The Main Street Lending Program aims to enhance support for small and mid-sized businesses that were in good financial standing before the crisis by offering 4-year loans to companies employing up to 10,000 workers or with revenues of less than $2.5 billion. Principal and interest payments will be deferred for one year. Eligible banks may originate new Main Street loans or use Main Street loans to increase the size of existing loans to businesses. Banks will retain a 5 percent share, selling the remaining 95 percent to the Main Street facility, which will purchase up to $600 billion of loans. Firms seeking Main Street loans must commit to make reasonable efforts to maintain payroll and retain workers. Borrowers must also follow compensation, stock repurchase, and dividend restrictions that apply to direct loan programs under the CARES Act. Firms that have taken advantage of the PPP may also take out Main Street loans.

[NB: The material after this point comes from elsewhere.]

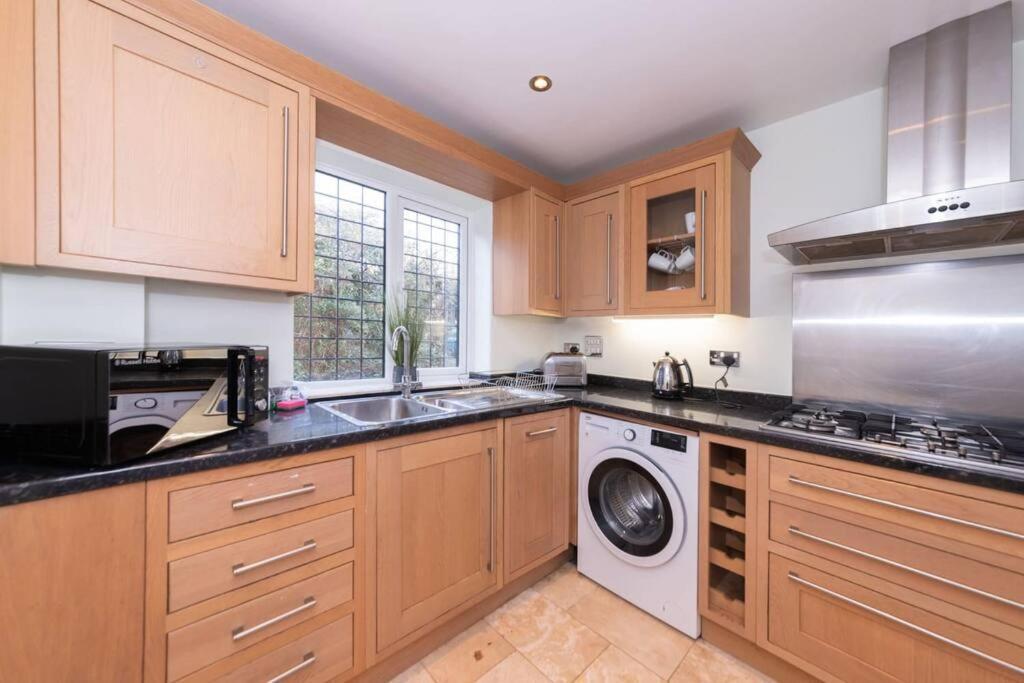 Ratby House - Spacious 3 Bed With Garden & Parking Earley Bagian luar foto
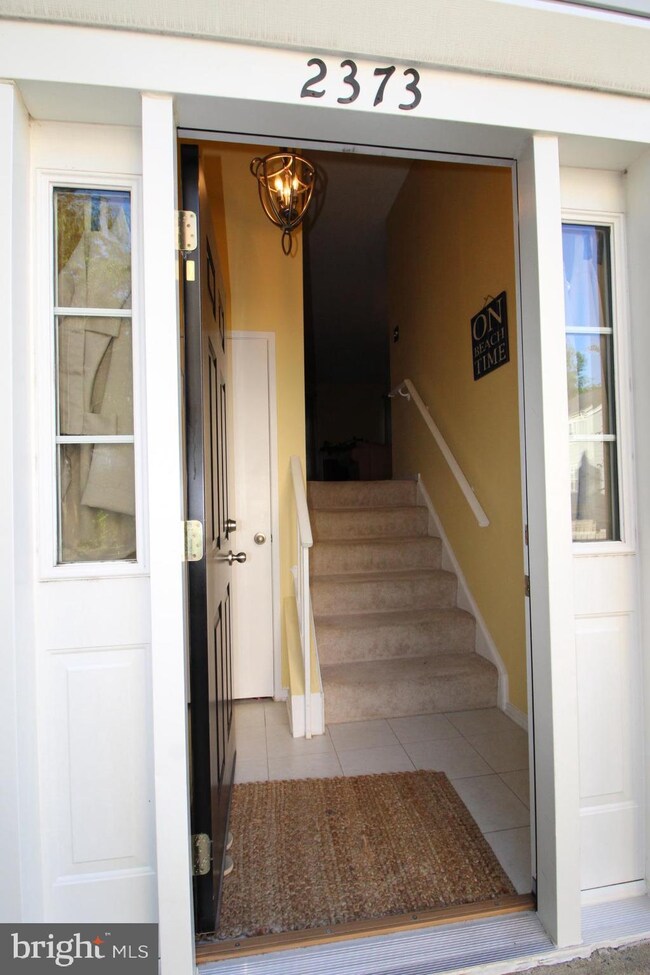 2373 Hunters Square Ct, Reston, VA 20191 - photo 2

The Main Street loans would be a minimum of $1 million and a maximum of either $25 million or an amount that “when added to the Eligible Borrower’s existing outstanding and committed but undrawn debt, does not exceed four times the Eligible Borrower’s 2019 earnings before interest, taxes, depreciation, and amortization,” whatever is less, according to a Fed release.

Terms would see an interest rate equal to the Fed’s Secure Overnight Financing Rate, currently 0.01 percent, plus 250-400 basis points with a four-year maturity.

A special-purpose vehicle that Fed created jointly with the Treasury Department will purchase 95 percent of the loan while the financing institution would hold the other 5 percent.

“Our country’s highest priority must be to address this public health crisis, providing care for the ill and limiting the further spread of the virus,” said Federal Reserve Board Chair Jerome H. Powell. “The Fed’s role is to provide as much relief and stability as we can during this period of constrained economic activity, and our actions today will help ensure that the eventual recovery is as vigorous as possible.”